# Lab 1/2: Logistic regression, line search and second order methods


Let $A \in \mathbb{R}^{n \times d}$ and $b \in \{-1, 1\}^n$. 
The logistic regression estimator for classification is defined as:
$$ \min_{x \in \mathbb{R}^d} \sum_{i=1}^n \log (1 + e^{- b_i \ a_i^\top x}) $$

In [None]:
import numpy as np
from numpy.linalg import norm

def make_data(n, d, corruption=0.1, seed=None):
    if seed is not None:
        np.random.seed(seed)
    A = np.random.randn(n, d)
    x_true = np.random.randn(d)
    
    b = np.sign(A @ x_true)
    switch = np.random.choice(n, int(corruption*n), replace=False)
    b[switch] *= - 1
    return A, b

0. What does the above function do? To what quantity does each parameter correspond to?

In [None]:
A, b = make_data(200, 100)  # keep those numbers

1. Define a function computing the gradient of the logistic regression objective function at ``x``. Check numerically that it is correct with ``scipy.optimize.check_grad``

In [None]:
from scipy.optimize import check_grad


def logistic_gradient(x):
    # TODO
    # your code to compute the gradient of the logistic regression objective
    return

def logistic_value(x):
    # TODO
    # your code to compute the value of the logistic regression objective
    return


# check for a random vector of coefficient x0
x0 = np.random.randn(A.shape[1])
check_grad(logistic_value, logistic_gradient, x0)  # it must be small if your implementation is correct

2. What is the smoothness constant of the logistic loss? Is the logistic loss strongly convex?

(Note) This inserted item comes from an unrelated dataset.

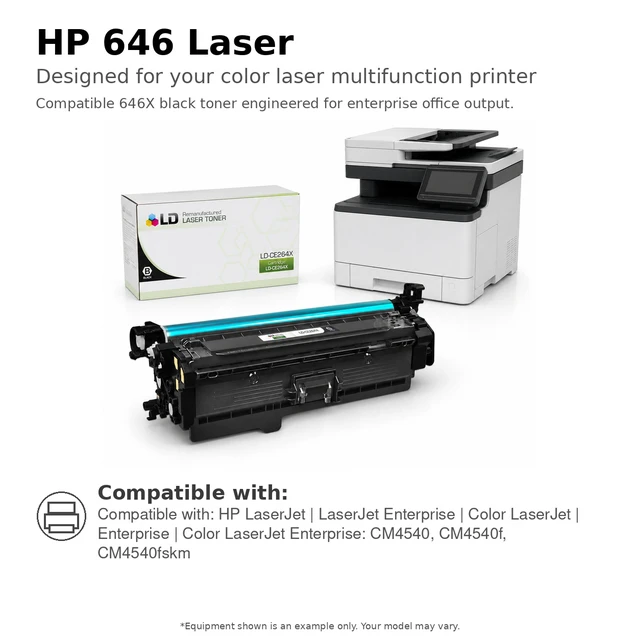 Alt view image 6 of 7 - LD © Remanufactured Replacement Laser Toner Cartridges for Hewlett Packard CE264X (HP 646X) High-Yield Black (2 Pack)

3. Implement gradient descent on the objective with fixed stepsize $1/L$. Plot the convergence rate in objective. Does it match your expectations? Compare your solutions with scikit-learn's.


Add an option to use line search (using ``scipy.optimize.line_search``). Compare the convergence speed and comment.

In [None]:
from scipy.optimize import line_search


def solve_with_GD(max_iter=500, use_line_search=False):
    objectives = []
    x = np.zeros(A.shape[1])
    
    for i in range(max_iter):
        # TODO
        # your implementation of gradient descent
        objectives[i] = logistic_value(x)
        # END TODO
        
        # break early if no progress made:
        if i > 0 and objectives[i-1] - objectives[i] < 1e-8:
            print("early exit, delta objective:", objectives[i-1] - objectives[i])
            break
    return objectives


In [None]:
from sklearn.linear_model import LogisticRegression
clf = LogisticRegression(penalty=None, fit_intercept=False, tol=1e-8).fit(A, b)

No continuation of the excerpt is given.